JINDABYNE (Ray Lawrence). 123 minutes. Opens Friday (May 11). Rating: NN Rating: NN
Director Ray Lawrence 's third effort practically dares Robert Altman fans to rise up in arms. After all, why base a film on Raymond Carver 's story So Much Water So Close To Home when it was already perfectly adapted in Altman's Short Cuts? Besides adding a racial element to the mix, Lawrence's unexceptional film brings nothing new to the table.
When mechanic Stewart ( Gabriel Byrne ) and three Australian fishing buddies discover the body of a murdered Aborigine woman in the river, they decide to ignore it until their weekend is over. When the friends return home, the town is appalled by their lack of action, and Stewart's wife ( Laura Linney ) begins to question their marriage.
While Carver's piece took place in the U. S., Lawrence and screenwriter Beatrix Christian use Australia's vast landscape to add a touch of foreboding to the already dark plot.

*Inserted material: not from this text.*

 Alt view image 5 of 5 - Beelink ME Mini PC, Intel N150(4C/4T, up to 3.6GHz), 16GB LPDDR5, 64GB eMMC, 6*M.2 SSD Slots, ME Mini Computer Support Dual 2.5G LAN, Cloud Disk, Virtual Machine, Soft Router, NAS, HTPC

Unfortunately, they also throw in a serial killer subplot with shades of Wolf Creek and an overwhelming number of ill-defined secondary characters.
Lawrence's direction is hypnotically atmospheric but becomes tedious in the conveniently pat third act. The film works best when focusing on Linney's searing performance as a woman coming to terms with her husband's dark side.